Nicole Conn, whose 1992 romance “Claire of the Moon” was a considerable hit with lesbian audiences — although primarily due to lack of competition rather than merit — is back with the very different, nonfiction “Little Man.” Potent docu chronicles the first two years of a baby boy who was born by C-section 100 days early and was given scant survival odds. Pic can be taken as either inspirational or cautionary, but either way rivets attention on the efforts of both medical science and Conn herself to keep the little guy alive. Fest, specialized broadcast and educational play are signaled.
When helmer and her domestic partner Gwen decide to have a second child — they already have the delightful preschool-aged Gabrielle — circumstances necessitate the use of a surrogate carrier who, we’re told, seriously misrepresents her health. (This woman is glimpsed, but unfortunately declined or wasn’t allowed to speak on-camera.)
Ultrasound soon reveals the fetus is way behind schedule in development. All concerned are advised to terminate the pregnancy, given the risk to the carrier and the extreme likelihood of the child’s emerging dead or severely impaired.
Conn alone insists on its survival, eventually spending virtually all waking hours at the hospital’s Neo-Natal Intensive Care Center. There, tiny preemie Nicholas spends his first months hovering at death’s door in an incubator and on a respirator. He still requires IV feeding (plus round-the-clock home nurses) even after he’s allowed to go home.
Exhausting care regimen takes its toll on Nicole’s relationships with her daughter and mate, admitting at one point “We are now living the train wreck Gwen predicted.” Two years on, Nicky’s periods of improved health still are regularly broken by reprised and new crises (including seizures, hearing loss and possible brain damage); his long-term prognosis remains uncertain.
There’s no question that helmer’s commitment to the tot is formidable, even if at times she seems over-willing to let pic cast her as its “passionate, mercurial” (as she’s described at one point) heroine. Occasionally, docu’s very slick style borders on tabloid-TV sob-sisterdom. But intensity of the subject matter (and medical procedures graphically shown) always pulls it back to terra firma.

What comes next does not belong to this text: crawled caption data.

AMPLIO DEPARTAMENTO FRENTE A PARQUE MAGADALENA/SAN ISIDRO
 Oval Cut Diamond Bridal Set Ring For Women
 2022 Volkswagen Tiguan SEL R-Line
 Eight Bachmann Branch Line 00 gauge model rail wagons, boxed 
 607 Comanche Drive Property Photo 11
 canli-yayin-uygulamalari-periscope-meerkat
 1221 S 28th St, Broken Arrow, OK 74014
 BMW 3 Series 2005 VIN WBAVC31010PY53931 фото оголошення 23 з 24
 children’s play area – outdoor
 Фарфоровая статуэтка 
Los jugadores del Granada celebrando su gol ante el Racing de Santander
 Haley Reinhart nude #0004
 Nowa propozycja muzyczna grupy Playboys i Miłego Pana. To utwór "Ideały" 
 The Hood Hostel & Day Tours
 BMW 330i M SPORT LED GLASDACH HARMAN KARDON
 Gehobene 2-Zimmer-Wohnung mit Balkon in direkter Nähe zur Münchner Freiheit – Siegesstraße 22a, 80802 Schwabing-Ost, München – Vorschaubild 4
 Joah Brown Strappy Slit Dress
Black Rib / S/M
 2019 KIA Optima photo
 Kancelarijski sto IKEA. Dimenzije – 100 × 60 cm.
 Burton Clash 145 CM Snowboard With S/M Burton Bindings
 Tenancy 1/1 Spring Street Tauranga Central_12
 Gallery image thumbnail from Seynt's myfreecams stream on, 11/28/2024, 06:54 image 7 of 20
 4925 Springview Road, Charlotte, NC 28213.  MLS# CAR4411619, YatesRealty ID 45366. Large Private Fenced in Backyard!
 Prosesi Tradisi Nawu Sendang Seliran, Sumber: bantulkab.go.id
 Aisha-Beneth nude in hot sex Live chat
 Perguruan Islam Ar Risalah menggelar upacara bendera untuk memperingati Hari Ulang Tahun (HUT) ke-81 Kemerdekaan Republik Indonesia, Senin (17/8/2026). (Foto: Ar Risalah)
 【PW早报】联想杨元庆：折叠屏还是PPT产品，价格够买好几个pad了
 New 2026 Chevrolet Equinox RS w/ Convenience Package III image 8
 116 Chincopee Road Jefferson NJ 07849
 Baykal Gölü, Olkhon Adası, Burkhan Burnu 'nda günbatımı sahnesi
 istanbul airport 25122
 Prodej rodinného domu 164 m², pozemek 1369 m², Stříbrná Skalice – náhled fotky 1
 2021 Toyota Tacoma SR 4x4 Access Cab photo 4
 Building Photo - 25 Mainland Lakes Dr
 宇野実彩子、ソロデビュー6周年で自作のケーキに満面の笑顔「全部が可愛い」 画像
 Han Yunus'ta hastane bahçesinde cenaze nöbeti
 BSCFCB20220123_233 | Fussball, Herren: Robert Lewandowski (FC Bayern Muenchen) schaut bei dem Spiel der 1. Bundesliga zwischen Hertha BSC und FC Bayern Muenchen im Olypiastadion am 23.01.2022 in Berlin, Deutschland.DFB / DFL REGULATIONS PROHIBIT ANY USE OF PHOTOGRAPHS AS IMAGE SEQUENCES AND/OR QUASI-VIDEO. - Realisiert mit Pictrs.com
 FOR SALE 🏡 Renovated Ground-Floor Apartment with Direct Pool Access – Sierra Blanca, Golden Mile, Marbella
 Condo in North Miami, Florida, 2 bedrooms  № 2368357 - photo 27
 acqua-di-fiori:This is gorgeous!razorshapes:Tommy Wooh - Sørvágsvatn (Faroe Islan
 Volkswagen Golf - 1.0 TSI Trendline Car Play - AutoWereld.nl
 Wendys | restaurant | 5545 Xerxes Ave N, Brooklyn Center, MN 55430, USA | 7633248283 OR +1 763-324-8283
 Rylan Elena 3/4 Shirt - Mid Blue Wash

Various hospital personnel, specialists, and close friends offer commentary that’s sometimes emotional, but more often diplomatic. It’s up to the viewer to weigh whether keeping Nicholas — many times Conn and others were urged to “let him go” — alive was a selfless or selfish act. Advanced technologies now allow hitherto doomed children to survive (if often only that) in a “world of manufactured disability.” But is it a life they will view as gift or curse?
Editing is well-crafted package’s outstanding element, as it compacts what must have been a huge quantity of raw footage into two crisp, engrossing, head-long yet never hectic hours.